How to Survive This and Future Droughts

We are once again in a rain drought in New Jersey – an annual event. Thankfully, we have not had a “drought” in the stock market for several years. For each of these occurrences, planning is needed. This helps investors be prepared rather than have to repair their portfolios.

A water wellAs retirement income planners, one of our major challenges is how to sustain our clients income through what will likely be a longer retirement than any generation before them. This fact requires that most investors have a healthy allocation of their portfolio invested in the ownership of the great companies of the U.S. and the world. This ownership is known as stock or equities.

However, inevitability, the normal human response to this fact is the following question:

What about the volatility of the stock markets?

And by volatility, they mean the all-too-common stock market downturns or “droughts” as no one refers to the positive spikes as “volatility”. When this conversation occurs, we like to tell the following analogy.

When you retire, your investments will need to provide you with monthly income just as if you had a well in the backyard to provide for your monthly water needs. While the well would be subject to the weather conditions such as droughts and heavy rain resulting in the decrease and increase of water in the well, it is necessary to leave the water in the well so that through the natural weather cycles the well would provide an ongoing supply of water. This increase in well water results from various sources: the rainfall, snowfall and ice. To ensure that the well does not run out of water, you prepare for periods of severe drought – which have always occurred – by holding water in the house.

This is necessary because just as you are unable to determine when the droughts will occur, you and everyone else including the so-called market experts, will be unable to determine when the stock market droughts will occur. For both situations, foresight is recommended.

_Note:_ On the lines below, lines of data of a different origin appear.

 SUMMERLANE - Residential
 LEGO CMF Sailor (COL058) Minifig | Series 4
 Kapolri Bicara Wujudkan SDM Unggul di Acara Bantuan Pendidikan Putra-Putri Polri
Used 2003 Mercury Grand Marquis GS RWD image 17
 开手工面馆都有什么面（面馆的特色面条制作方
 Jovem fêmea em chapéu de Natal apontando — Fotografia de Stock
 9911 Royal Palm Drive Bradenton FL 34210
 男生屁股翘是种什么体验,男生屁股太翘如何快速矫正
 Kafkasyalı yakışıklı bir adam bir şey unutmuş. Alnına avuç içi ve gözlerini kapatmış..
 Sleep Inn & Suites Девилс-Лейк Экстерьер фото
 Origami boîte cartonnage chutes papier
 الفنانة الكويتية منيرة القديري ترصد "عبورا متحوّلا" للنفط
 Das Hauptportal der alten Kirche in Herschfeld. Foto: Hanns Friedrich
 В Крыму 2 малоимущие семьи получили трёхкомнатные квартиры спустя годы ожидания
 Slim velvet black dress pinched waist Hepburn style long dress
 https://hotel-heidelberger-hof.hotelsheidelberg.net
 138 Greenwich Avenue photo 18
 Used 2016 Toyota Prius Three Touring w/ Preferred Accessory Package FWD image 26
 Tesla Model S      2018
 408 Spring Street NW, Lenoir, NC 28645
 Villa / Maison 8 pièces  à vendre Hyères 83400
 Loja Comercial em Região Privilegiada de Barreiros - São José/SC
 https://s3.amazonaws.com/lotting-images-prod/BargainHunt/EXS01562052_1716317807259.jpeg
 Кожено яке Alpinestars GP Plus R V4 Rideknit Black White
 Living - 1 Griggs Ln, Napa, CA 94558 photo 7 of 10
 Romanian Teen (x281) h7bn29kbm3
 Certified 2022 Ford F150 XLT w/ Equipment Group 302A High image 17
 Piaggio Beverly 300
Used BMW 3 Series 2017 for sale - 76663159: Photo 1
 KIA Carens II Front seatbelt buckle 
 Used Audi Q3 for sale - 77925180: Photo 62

You should always have enough water to survive for several months so you will not need to withdraw from the declining water level in the well. Likewise, you should always have cash reserves (money not subject to the market conditions) to be able to handle the stock market droughts. Depending on your personal circumstances, a year to two years worth of cash reserves is recommended. This will allow you not to have to tap into your investments at all or at a reduced level during the market declines. This money can be held in a FDIC-insured bank account for the purpose of “insurance” against the market conditions and not to generate “return”.

You need to plan well to survive the temporary droughts in the stock market. Start planning during your 50s and 60s to allow you to continue to maintain your  lifestyle, even into your 80s and 90s, without the fear of outliving your money and maybe even possibly allowing you to pass along a legacy.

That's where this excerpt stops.